Branleuse · 20/10/2014 14:58

i think if your children know it was an arranged marriage then they wont be under any illusions that this is how relationships are. Theyll see it as how arranged marriages are.

Lancs73 · 20/10/2014 15:39

Cailindana he will always be my children's father so I will always have feelings for him in that respect. My children know my marriage was arranged. We might not be living as husband and wife but we are happy. We both do our own thing. My children have got parents who aren't arguing or pretending their relationship is something it's not.

OP posts:
cailindana · 20/10/2014 15:48

Do you honestly think seeing you and your husband together but ignoring each other is a happy, enjoyable experience? In some ways it's worse than arguing - at least an arguing couple still interact and engage. Being around two people who just tolerate each other is torturous - my friend grew up in that situation and has zero confidence as a result. His example of a relationship is two people who want nothing to do with each other. At 33 he still hasn't had a decent relationship. He goes for girls who clearly care nothing for him, just as his parents demonstrated.

Lancs73 · 20/10/2014 15:57

But we don't ignore each other. We talk. It's like I said before we are like 2 people sharing a house rather than husband and wife. We don't hate each other but realise our marriage wasn't working. Marriages fail.

OP posts:
Thenapoleonofcrime · 20/10/2014 16:49

I think there are many many marriages like this. I don't see why you would leave right now if you are essentially amicable and you are happy to wait til the children finish schooling. Everyone saying- well, they will feel bad because of XYZ, my own experience is that many children find divorce and their parents separating at any age a difficult experience, but equally most just want their parents to be happy- I was very happy when my parents divorced after I'd left home and gone to uni as I was out of the way for the whole messy business but they were separated which was good for both of them. The idea it would all just go really nicely if you divorced right now is also a false hope.

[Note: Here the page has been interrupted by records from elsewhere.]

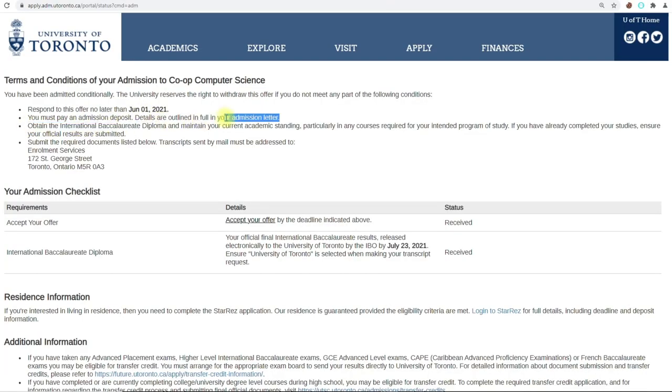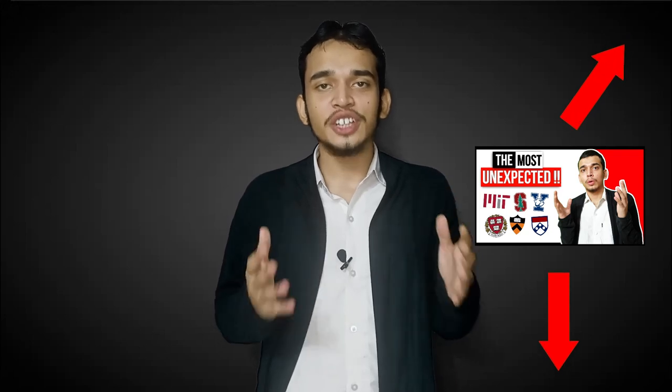Moving on to number 3, which is to prioritize your academics over everything else. University of Toronto, like most Canadian and UK universities, is academically focused and largely considers your academic performance to be the deciding factor for admission. One of the reasons is that U of T gives out conditional offers which require you to maintain your grades. In my U of T offer, the academic condition was to obtain the International Baccalaureate diploma and maintain my current academic standing, particularly in any courses required for my intended program of study. If you haven't watched my college decisions reaction video, you might not know that I got rejected from every single university I applied to except U of T.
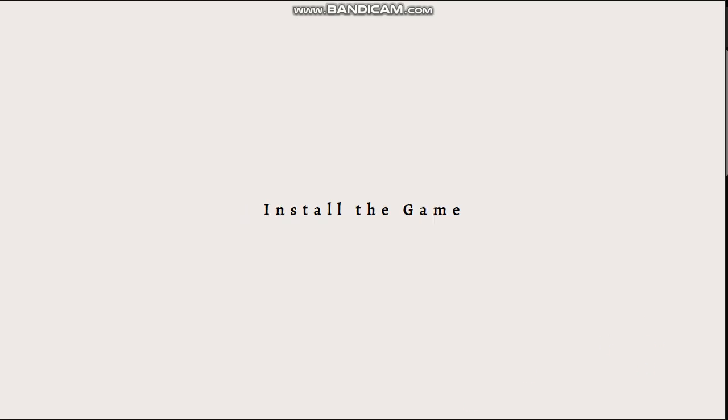Next, purchase or download the game. If Amanda the Adventurer is a paid game, you will need to purchase it using the platform's payment methods and follow the steps to complete the purchase. If it is a free game, you may be able to download it directly.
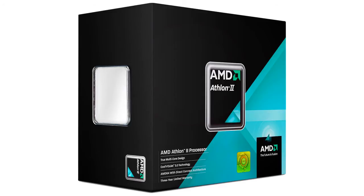Hello, my name is Andy Raphael from eTechnics.com and welcome to another video review. Today we're taking a look at the AMD Athlon 2 X4 635 AM3 processor.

If you are not hostile, aggressive or rude to each other, you are actually going quite a lot better than many married couples.

I don't have a massive problem with this at all, relationships come in multiple forms, I think your children will see you have outgrown the arranged marriage, but also may be thankful you kept stability during secondary- being a new girl or boy in say the second or third year of secondary where you know no-one is disruptive and disturbing whatever posters say- my kids have taken a year to settle down after a school move.

I don't believe there's a right answer, and of course in an ideal world, you model love, kindness, tenderness and so on, but in the real world, many marriages are a compromise (over sex, work, priorities, arguing styles) and yours is no exception. I think it is over-egging the pudding to assume this is 'damaging' to the children especially when you seem on good terms with your older children and can speak honestly with them.

Satinlaces · 20/10/2014 16:57

All of the nuances of an arranged marriage will be understood by your children far better than many of us posters. What you are proposing sounds OK to me, and I think that it could work out well for all concerned.
Good luck with it OP.

KoalaKoo · 20/10/2014 21:53

To be honest op, your marriage sounds like the type most likely to be retrieveable. Would you like your marriage to work?